RESUMO: O presente artigo tem por finalidade estudar a possibilidade de reajustar e revisar contratos administrativos em concomitância, analisando os institutos jurídicos em comento, bem como seus fundamentos e objeto, verificando desta forma a oportunidade de se efetivar o reajuste e a revisão do pacto administrativo.
Palavras Chave: Contrato Administrativo. Reajuste. Revisão .
ABSTRACT: The purpose of this article is to study the possibility of adjusting and reviewing administrative contracts in concomitance, analyzing the legal institutes in question, as well as their foundations and object, verifying in this way the opportunity to carry out the readjustment and revision of the administrative agreement.
Keywords: Administrative Agreement. Readjustment. Review.
SUMÁRIO: I- Introdução; II - Reajuste, Revisão ou Recomposição Contratual; III - Conclusão; Referências Bibliográficas.
I – Introdução
Trata-se de artigo científico que busca discorrer sobre a possibilidade de reajustamento dos preços praticados em determinado contrato administrativo e em concomitância ou posteriormente a este reajuste a plausibilidade jurídica de se efetivar o reequilíbrio econômico do mesmo pacto administrativo.
Ora, vimos através deste trabalho discutir sobre as diferenças destes institutos, de seus objetos e em consequência de sua aplicação individualmente ou em conjunto.
Desta forma, o objetivo precípuo deste estudo é dirimir a controvérsia, por exemplo, acerca da possibilidade de ser concedido reajuste dentro do interregno de um ano em que fora concedido o reequilíbrio econômico-financeiro, ou o contrário.
II – REAJUSTE, REVISÃO OU RECOMPOSIÇÃO CONTRATUAL
Inicialmente, para melhor compreender o caso em questão é necessário conceituar e diferenciar o reajuste, da revisão ou recomposição, institutos jurídicos que possuem vultosa similitude, contudo, apresentam diversas particularidades.

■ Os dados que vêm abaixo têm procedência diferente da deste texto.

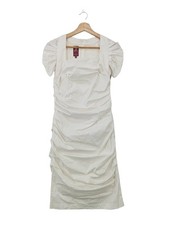 SONJA KIEFER Schlauchkleid Damen Kleid Gr. DE 38 weiß Elegant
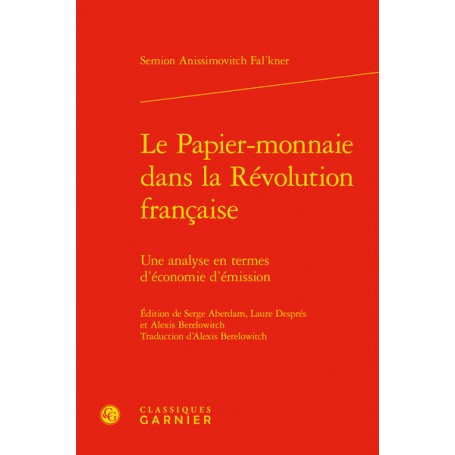 Le Papier-monnaie dans la Révolution française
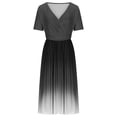 thumbnail image 4 of SMihono Robe Bohème d'Été pour Femmes Grande Taille Robe d'Été pour Femmes Décontractée Col Rond Dégradé Imprimé Manches Courtes Robe de Plage Robe de Fête, 4 of 6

Primeiramente, trataremos do reajuste, que, nas precisas lições de José dos Santos Carvalho Filho[1]:
“se caracteriza como fórmula preventiva, normalmente usada pelas partes já no momento do contrato, com vistas a preservar os contratados dos efeitos de regime inflacionário”
O artigo 40, inciso XI da Lei Federal 8.666/93 trata da obrigatoriedade de constar do Edital, o critério de reajuste:
"XI - critério de reajuste, que deverá retratar a variação efetiva do custo de produção, admitida a adoção de índices específicos ou setoriais, desde a data prevista para apresentação da proposta ou do orçamento a que essa proposta se referir até a data do adimplemento de cada parcela;"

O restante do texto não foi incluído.